» Task description
Those lines of the records that contain "Volkswagen" are to be located and copied.

[Crawled caption data]
- - - - -

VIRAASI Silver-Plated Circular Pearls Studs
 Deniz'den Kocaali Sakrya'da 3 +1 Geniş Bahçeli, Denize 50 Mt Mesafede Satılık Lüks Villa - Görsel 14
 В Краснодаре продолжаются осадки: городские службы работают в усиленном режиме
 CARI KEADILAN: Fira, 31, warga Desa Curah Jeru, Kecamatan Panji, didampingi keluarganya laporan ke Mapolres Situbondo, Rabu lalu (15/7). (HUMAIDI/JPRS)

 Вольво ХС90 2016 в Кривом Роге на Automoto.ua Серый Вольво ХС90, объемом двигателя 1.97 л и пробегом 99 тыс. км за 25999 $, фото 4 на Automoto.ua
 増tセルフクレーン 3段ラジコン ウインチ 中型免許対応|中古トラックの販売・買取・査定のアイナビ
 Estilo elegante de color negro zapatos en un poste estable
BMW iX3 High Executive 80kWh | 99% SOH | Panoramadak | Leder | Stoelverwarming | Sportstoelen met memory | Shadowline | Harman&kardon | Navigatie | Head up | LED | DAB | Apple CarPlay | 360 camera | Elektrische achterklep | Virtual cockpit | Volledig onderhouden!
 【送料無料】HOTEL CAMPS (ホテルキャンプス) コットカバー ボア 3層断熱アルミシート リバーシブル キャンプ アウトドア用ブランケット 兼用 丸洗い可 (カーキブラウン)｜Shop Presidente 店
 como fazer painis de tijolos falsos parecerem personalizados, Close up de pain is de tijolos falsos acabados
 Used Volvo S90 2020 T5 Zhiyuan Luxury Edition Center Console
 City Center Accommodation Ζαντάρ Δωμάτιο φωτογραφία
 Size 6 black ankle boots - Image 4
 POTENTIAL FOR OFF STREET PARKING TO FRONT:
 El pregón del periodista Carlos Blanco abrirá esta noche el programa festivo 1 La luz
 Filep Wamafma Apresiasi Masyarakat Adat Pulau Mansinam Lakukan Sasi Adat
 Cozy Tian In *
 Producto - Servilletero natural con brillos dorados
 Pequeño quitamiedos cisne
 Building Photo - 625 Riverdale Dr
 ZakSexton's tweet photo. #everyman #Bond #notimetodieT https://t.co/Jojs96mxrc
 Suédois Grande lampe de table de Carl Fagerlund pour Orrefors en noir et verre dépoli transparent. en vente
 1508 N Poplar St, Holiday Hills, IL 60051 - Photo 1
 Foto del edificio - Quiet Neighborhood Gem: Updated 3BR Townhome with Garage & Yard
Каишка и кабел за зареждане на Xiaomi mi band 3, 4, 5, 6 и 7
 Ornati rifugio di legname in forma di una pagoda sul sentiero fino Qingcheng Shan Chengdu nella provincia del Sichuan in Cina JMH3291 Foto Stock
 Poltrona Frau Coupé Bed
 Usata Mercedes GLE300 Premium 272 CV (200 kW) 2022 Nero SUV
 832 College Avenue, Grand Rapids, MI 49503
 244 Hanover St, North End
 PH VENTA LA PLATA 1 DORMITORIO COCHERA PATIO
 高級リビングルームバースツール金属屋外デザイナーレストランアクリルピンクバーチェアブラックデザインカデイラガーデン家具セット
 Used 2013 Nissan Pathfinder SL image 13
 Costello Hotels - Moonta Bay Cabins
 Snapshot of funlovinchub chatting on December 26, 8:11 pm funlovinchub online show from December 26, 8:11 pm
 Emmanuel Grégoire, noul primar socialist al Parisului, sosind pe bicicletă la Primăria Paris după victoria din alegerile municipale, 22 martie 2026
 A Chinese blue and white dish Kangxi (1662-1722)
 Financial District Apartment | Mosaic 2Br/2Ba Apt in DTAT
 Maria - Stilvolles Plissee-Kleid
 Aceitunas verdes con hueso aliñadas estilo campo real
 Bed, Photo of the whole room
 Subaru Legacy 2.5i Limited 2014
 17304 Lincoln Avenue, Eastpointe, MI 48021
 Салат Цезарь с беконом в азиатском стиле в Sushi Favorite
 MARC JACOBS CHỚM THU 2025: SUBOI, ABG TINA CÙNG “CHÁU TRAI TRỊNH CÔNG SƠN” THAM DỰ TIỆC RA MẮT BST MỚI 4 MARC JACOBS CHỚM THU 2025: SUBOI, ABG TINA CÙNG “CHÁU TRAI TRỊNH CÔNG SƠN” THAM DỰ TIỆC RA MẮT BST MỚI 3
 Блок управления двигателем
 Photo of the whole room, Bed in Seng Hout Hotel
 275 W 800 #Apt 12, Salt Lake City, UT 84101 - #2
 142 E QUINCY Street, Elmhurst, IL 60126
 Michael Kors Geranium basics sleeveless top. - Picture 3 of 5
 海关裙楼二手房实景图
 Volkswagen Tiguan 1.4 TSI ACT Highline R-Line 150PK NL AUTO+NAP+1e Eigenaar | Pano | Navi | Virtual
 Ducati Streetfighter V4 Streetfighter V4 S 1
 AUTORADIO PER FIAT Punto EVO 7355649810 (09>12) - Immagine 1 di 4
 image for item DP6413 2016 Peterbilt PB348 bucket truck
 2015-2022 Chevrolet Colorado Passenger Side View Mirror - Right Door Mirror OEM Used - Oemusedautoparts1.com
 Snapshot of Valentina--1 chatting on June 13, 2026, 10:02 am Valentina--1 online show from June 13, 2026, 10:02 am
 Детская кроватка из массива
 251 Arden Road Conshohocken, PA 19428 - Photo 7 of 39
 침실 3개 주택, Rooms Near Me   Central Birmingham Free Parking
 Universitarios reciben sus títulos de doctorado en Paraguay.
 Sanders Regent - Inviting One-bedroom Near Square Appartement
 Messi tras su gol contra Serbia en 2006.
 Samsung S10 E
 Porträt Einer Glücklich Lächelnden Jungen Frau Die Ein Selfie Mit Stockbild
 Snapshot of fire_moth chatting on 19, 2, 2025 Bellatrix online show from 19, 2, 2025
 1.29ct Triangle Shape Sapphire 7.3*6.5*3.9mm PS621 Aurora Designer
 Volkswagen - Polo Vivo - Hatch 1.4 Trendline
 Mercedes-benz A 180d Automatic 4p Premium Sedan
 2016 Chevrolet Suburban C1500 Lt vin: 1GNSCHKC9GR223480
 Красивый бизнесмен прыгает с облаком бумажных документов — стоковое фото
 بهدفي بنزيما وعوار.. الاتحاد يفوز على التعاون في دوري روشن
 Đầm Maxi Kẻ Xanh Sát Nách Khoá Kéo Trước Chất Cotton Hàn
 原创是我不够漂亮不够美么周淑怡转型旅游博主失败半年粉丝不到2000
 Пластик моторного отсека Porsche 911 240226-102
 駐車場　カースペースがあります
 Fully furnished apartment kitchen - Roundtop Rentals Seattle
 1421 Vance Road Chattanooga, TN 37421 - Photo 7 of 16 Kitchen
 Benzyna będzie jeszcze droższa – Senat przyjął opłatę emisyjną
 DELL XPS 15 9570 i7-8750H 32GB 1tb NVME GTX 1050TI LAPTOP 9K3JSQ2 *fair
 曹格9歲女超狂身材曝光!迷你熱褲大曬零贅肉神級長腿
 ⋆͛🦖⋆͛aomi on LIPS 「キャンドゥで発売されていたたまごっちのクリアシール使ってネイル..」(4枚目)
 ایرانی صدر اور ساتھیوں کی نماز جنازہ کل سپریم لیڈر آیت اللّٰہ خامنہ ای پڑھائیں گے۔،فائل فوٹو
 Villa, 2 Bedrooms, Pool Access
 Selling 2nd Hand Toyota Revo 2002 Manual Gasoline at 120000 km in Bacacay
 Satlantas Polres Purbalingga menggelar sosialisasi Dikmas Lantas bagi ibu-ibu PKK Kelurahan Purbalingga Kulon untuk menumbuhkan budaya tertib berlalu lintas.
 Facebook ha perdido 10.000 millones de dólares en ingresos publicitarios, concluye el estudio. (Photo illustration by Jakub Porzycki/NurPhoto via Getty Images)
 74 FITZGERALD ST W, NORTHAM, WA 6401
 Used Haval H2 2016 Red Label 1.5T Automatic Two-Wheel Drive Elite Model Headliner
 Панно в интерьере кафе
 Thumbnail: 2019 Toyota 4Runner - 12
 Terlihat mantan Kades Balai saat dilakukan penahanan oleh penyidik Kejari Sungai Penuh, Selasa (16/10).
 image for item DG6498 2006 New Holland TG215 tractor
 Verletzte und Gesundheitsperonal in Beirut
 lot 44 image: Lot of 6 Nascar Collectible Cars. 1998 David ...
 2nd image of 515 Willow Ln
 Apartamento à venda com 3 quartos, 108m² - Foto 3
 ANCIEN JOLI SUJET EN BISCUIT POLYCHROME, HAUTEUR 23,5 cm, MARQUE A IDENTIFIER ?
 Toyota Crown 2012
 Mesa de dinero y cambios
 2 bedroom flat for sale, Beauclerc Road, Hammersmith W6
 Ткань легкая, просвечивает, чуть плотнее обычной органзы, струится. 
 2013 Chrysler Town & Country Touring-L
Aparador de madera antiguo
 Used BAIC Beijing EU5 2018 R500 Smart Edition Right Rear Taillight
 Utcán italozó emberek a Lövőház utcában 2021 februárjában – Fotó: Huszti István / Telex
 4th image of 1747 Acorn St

- - - - -

» Output below
 Volkswagen Tiguan 1.4 TSI ACT Highline R-Line 150PK NL AUTO+NAP+1e Eigenaar | Pano | Navi | Virtual
 Volkswagen - Polo Vivo - Hatch 1.4 Trendline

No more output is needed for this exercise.